-- EXTRACTED RECORDS follows --

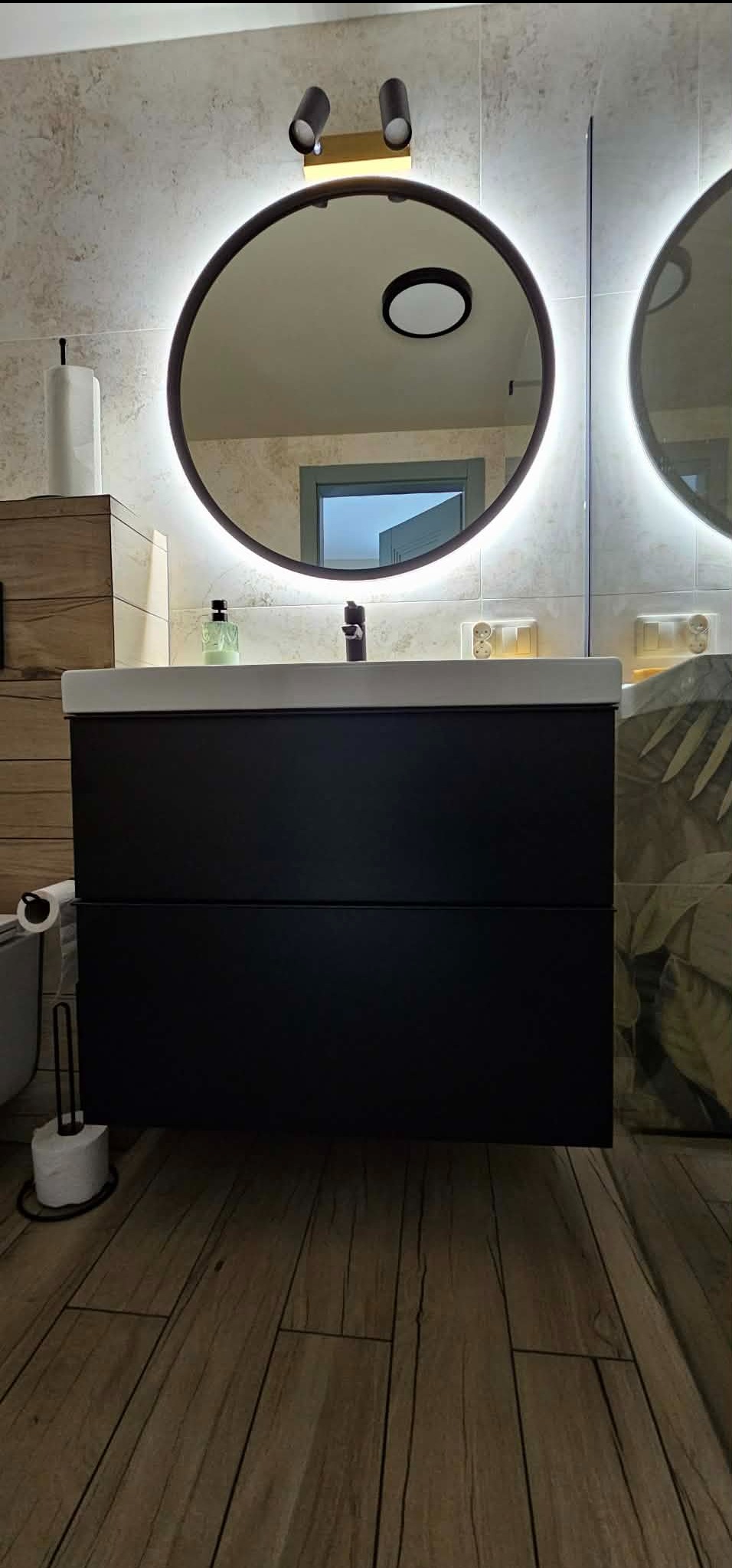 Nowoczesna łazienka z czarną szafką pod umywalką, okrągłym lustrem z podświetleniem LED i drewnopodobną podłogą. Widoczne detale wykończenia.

-- EXTRACTED RECORDS concluded --
-- EXTRACTED RECORDS follows --

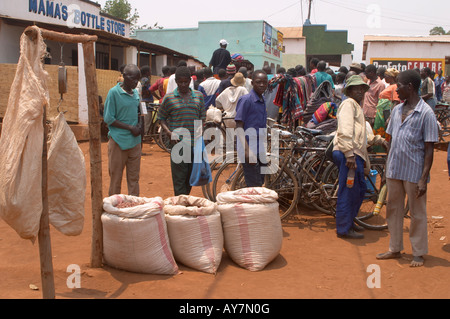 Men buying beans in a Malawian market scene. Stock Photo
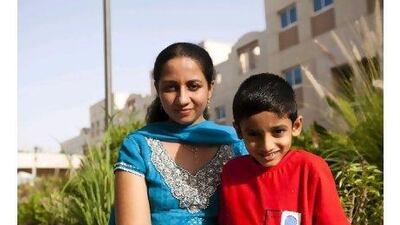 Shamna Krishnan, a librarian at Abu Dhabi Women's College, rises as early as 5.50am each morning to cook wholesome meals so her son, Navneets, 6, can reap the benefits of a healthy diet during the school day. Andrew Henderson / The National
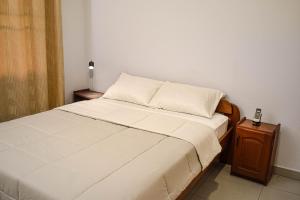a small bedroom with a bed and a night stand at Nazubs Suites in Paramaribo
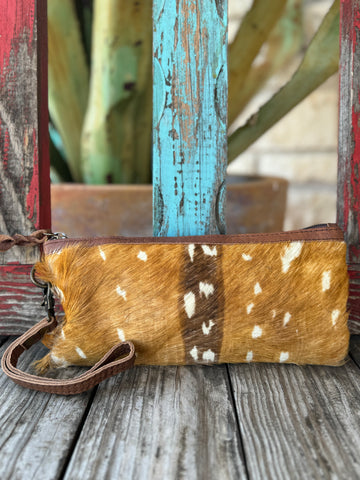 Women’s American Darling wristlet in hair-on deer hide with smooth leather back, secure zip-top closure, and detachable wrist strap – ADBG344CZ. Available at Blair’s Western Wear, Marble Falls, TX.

-- EXTRACTED RECORDS concluded --
-- EXTRACTED RECORDS follows --

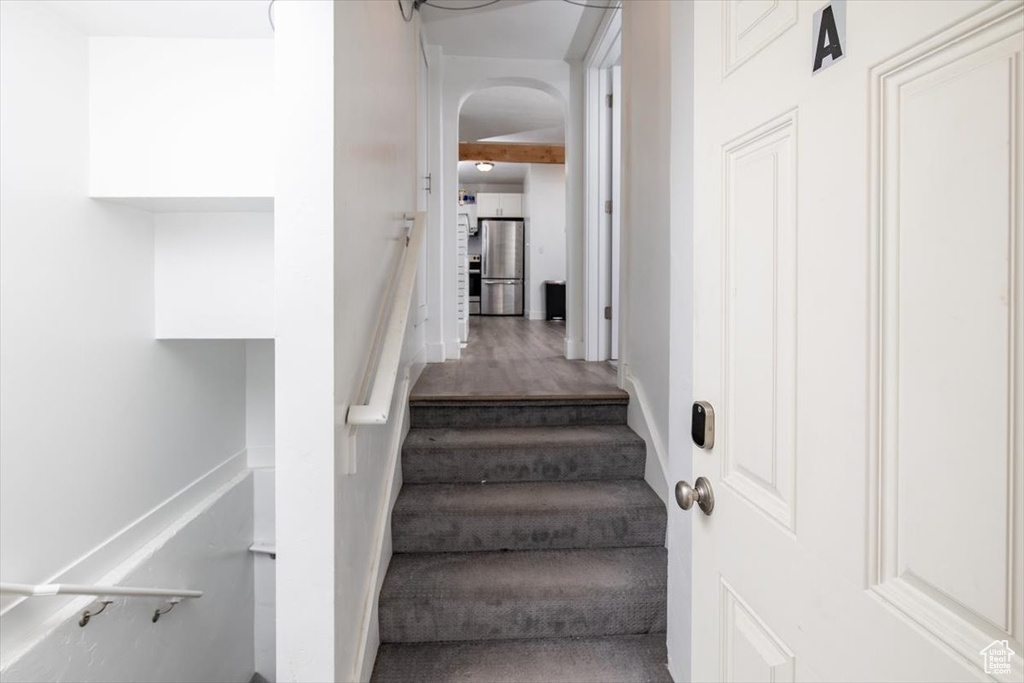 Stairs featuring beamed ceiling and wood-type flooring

-- EXTRACTED RECORDS concluded --

▶ **PROBLEM DETAILS**: Among the entries above, take the line with "a small bedroom", the line with "Women’s American Darling", and all the lines between them, and restate them word for word without pictures.

▶ **OUTPUT OF THE TASK**:
a small bedroom with a bed and a night stand at Nazubs Suites in Paramaribo
 Women’s American Darling wristlet in hair-on deer hide with smooth leather back, secure zip-top closure, and detachable wrist strap – ADBG344CZ. Available at Blair’s Western Wear, Marble Falls, TX.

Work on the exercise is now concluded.